Last-touch attribution credits 100 percent of revenue to the final marketing touch before opportunity creation or closed-won. It overweights late-stage channels (branded search, direct, email) and ignores everything that came before.
Linear attribution distributes credit equally across every touch in the journey. It is simple to compute and interpret but fails to recognize that some touches matter more than others.
Time-decay attribution gives more credit to touches closer to opportunity creation, with the weight decreasing on a half-life. It is a sensible default when later touches are more predictive.
U-shaped attribution gives 40 percent to first touch, 40 percent to opportunity-creation touch, and distributes the remaining 20 percent across middle touches. It privileges the start and the conversion moment.
W-shaped attribution adds a third weighted touchpoint at MQA or MQL conversion in addition to first and opportunity-creation, splitting weight 30/30/30/10. It is the standard for B2B with a defined demand-stage funnel.
Data-driven attribution uses a model (often a Markov chain or Shapley value) to assign credit based on each touch's marginal contribution to conversion in the observed data. It removes hand-tuned weights but requires conversion volume to train reliably.
Sourced pipeline credits the program or channel that produced the first touch on a closed-won opportunity. It is the cleanest single-credit number but undercounts collaborative wins.
Influenced pipeline credits any program whose touch appears in an opportunity's journey, regardless of position. The same revenue can be influenced by multiple programs, so totals exceed real revenue. See multi-touch attribution for ABM.
Incrementality measures revenue that would not have happened in the absence of a marketing program, usually via geo-holdouts, randomized control groups, or causal inference. It is the gold-standard answer to did this campaign actually work.
Halo effect describes spillover from one channel to another that standard attribution models miss, such as paid social driving branded search. Incrementality testing is the right way to measure halo.
UTM parameters are query-string tags appended to URLs (utm_source, utm_medium, utm_campaign) that pass campaign metadata to analytics tools. Disciplined UTM hygiene is the foundation of any attribution stack.
Server-side tagging routes web events through a vendor's own server before forwarding to ad platforms and analytics tools. It improves data quality, sidesteps browser ad-blocking, and is the basis of cookieless attribution. See how to do cookieless attribution.
A conversion API is the vendor-side endpoint that ad platforms (Meta, LinkedIn, TikTok) expose for server-side conversion uploads. CAPI is the standard mechanism for cookieless conversion measurement.
An identity graph stitches device, cookie, email, and CRM identifiers into a single person-or-account record. It is the backbone of multi-channel attribution in cookieless environments.
Deterministic match resolves identity using exact identifiers (email hash, account ID, device ID).
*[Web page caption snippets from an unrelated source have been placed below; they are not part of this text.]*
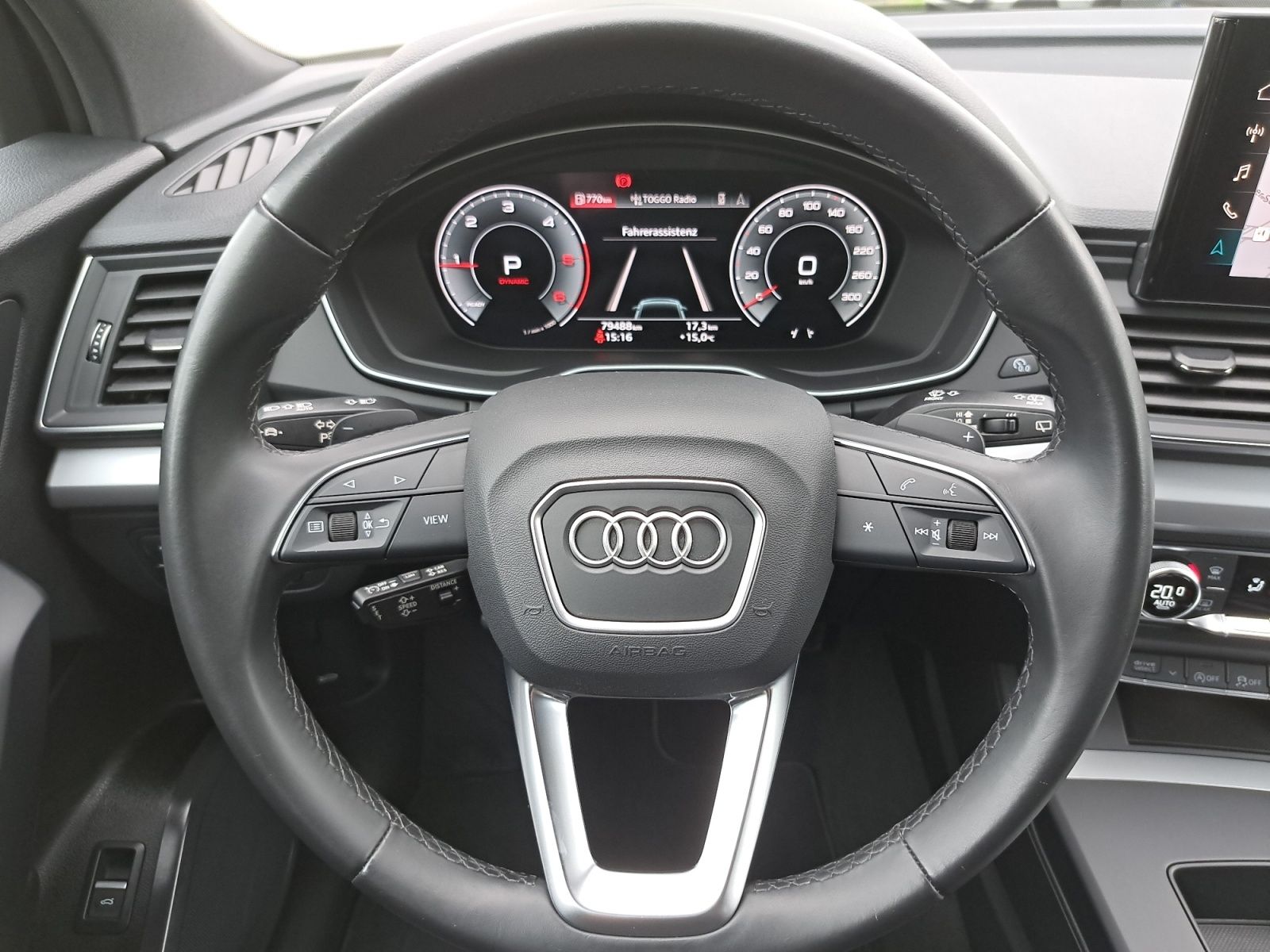 Audi Q5 - Bild 18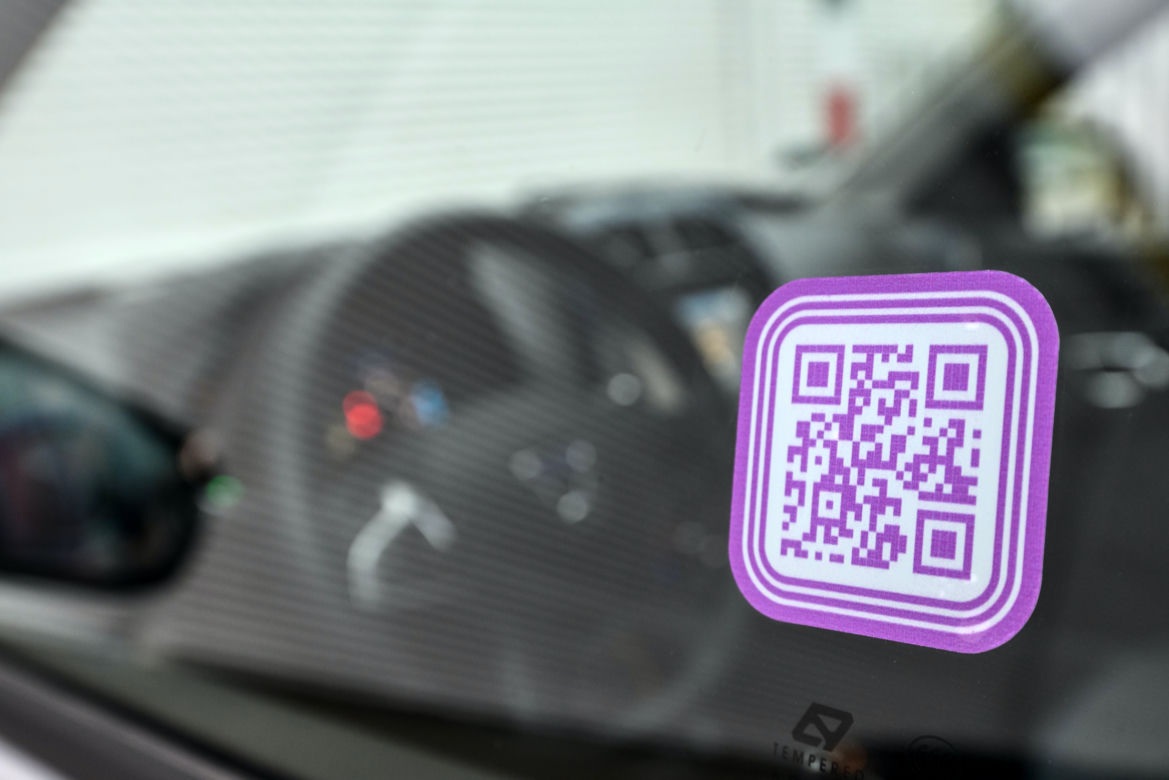Elektryczna Dacia Spring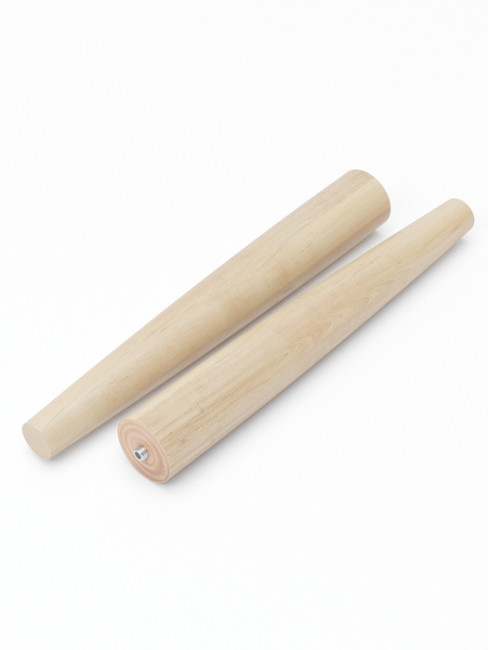 Опора мебельная, 2 шт, массив бука, 30 см, бук светлый, Optima Home, IDDIS, OPH30V1i96 Опора мебельная, 2 шт, массив бука, 30 см, бук светлый, Optima Home, IDDIS, OPH30V1i96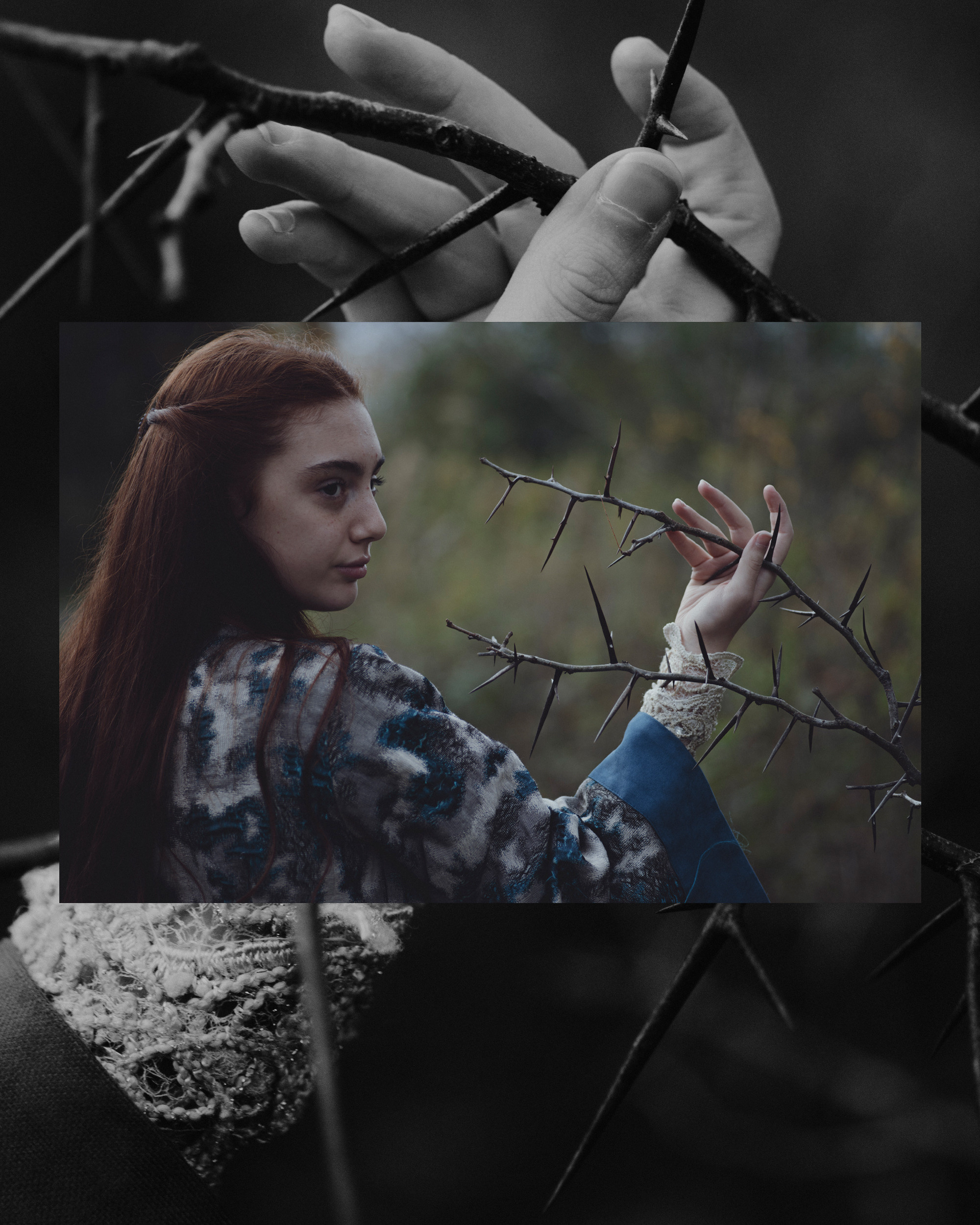 Проекты. Портретный фотограф Денис Милютин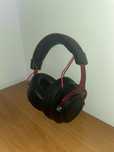 Fones gaming AOC - bom estado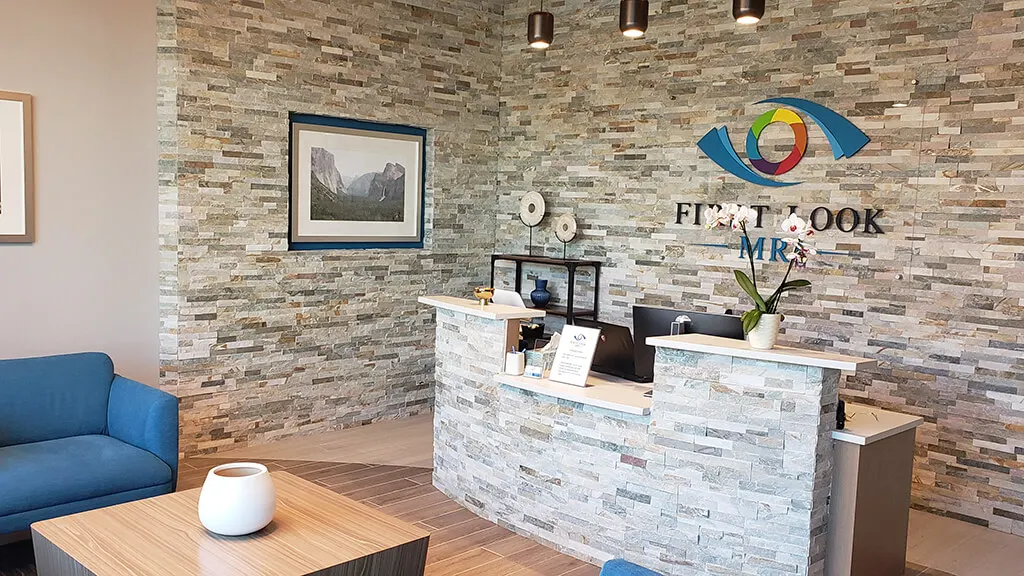 First Look MRI - Alpharetta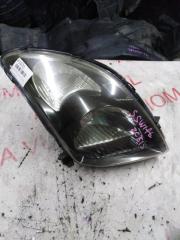 Фара правая передняя SUZUKI SWIFT ZC31S M16A 3512063J21, 4432 1 ракурс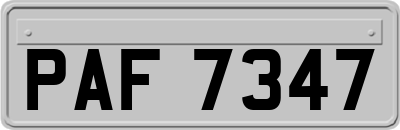 PAF7347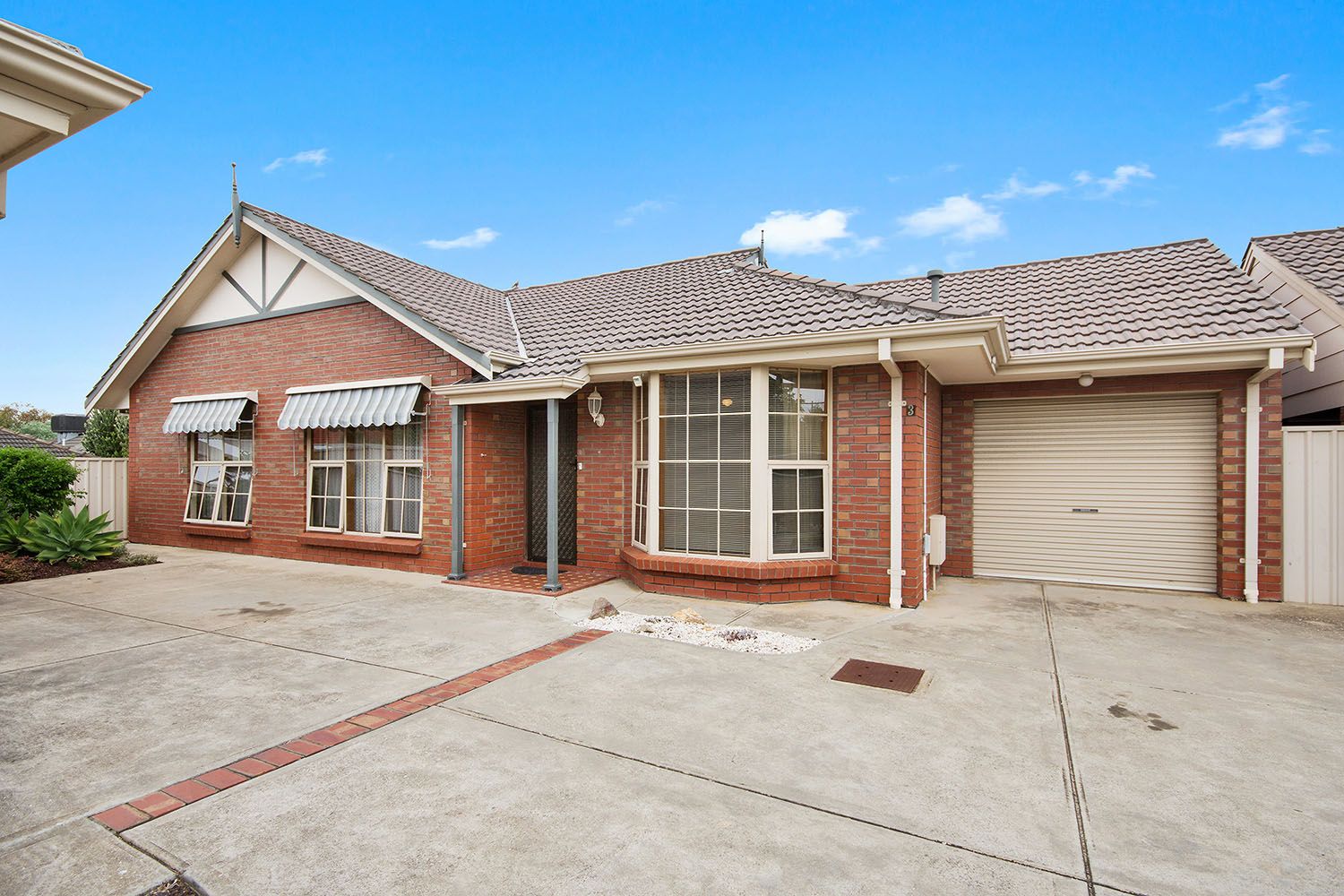 3/5 Henley Avenue, Henley Beach, SA 5022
It is high-confidence, but volume-limited.
Probabilistic match resolves identity using behavioural signals (IP, user agent, geo, time pattern). It is wider in coverage but lower in confidence.
The attribution window is the maximum number of days between a touch and a conversion for the touch to receive credit. Standard B2B windows run 30 to 90 days, sometimes longer for enterprise deals.
Path length is the number of distinct marketing touches in an opportunity's journey before close. B2B path lengths typically run 8 to 25 touches; long paths are why first-touch and last-touch models are inadequate.
A view-through conversion credits a display or social ad that was viewed (impressed) but not clicked, when the same account converts within the attribution window. View-through credit is contentious but real for awareness channels.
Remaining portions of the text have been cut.